Q42. What does a straight line parallel to the time axis on a distance-time graph indicate?
A straight line parallel to the time axis on a distance-time graph means the distance is not changing with time. The object is staying at the same position, which means it is at rest.
Q43. The formula for the area of a trapezium is used to derive which equation?
The area under a velocity-time graph for uniform acceleration forms a trapezium. The area of this trapezium gives the distance s. Using the trapezium area formula, we derive s = ut + ½at².
Q44. What is the shape of a distance-time graph for an object moving with uniform speed?
When an object moves with uniform speed, it covers equal distances in equal intervals of time. So the distance-time graph is a straight line inclined to the time axis.
Q45. The equation 2as = v² – u² represents the relation between:
The third equation of motion v² = u² + 2as (or 2as = v² – u²) relates the position (s) and velocity (v) of the object. It does not involve time, so it is useful when time is not known.
Q46. Equations relating velocity, acceleration, time and distance are applicable for:
The three equations of motion are specifically applicable for motion along a straight line with uniform acceleration. They cannot be directly applied to circular motion or when acceleration is changing.
Q47. If the distance-time graph is a straight line parallel to the time axis, the slope is:
A horizontal line parallel to the time axis has zero slope. This means the distance is not changing with time, indicating that the object is at rest.

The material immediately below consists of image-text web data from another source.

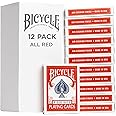 Bicycle Playing Cards, All Red, Poker Size, 12 Pack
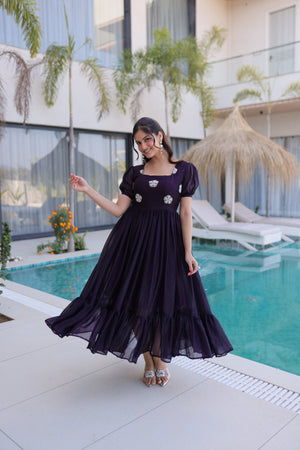 Fendi silk dark purple embroidered gown for women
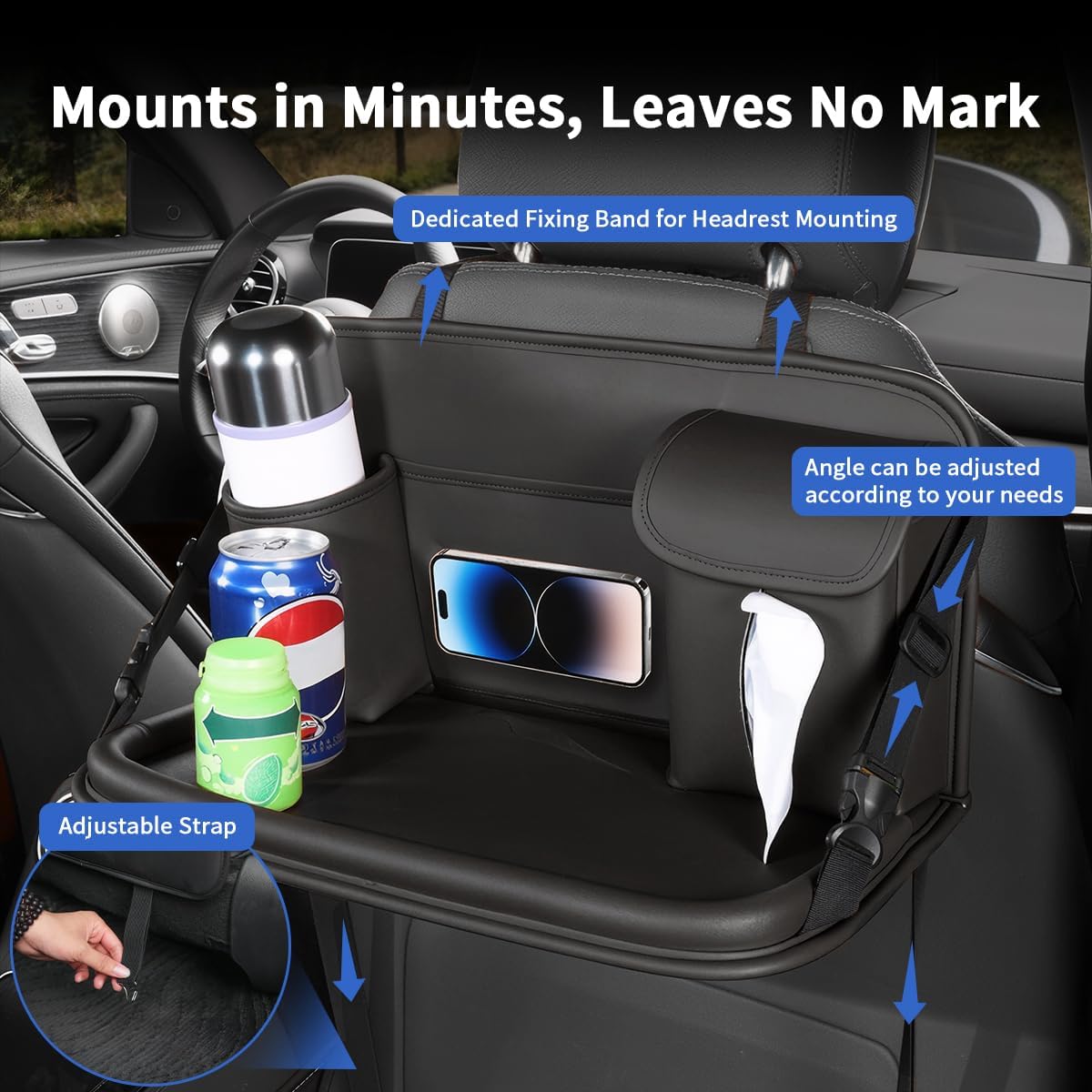 Backseat Car Organizer with Foldable Table Tray, Multifunctional Leather Car Back Seat Storage Organizer with Cup Phone Tissue Holder (Black)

The slope of a distance-time graph gives speed, which is zero here.
Q48. For uniform motion, the distance-time graph is linear because distance is ________ to time.
In uniform motion, distance is directly proportional to time. This means as time increases, distance increases by the same factor. This linear relationship gives a straight-line graph passing through the origin.
Q49. The key feature of a graph representing uniform motion is that:
In uniform motion, the rate of change of distance (speed) is constant. On a distance-time graph, this shows as a constant slope. On a velocity-time graph, it shows as a horizontal line with zero slope (constant velocity).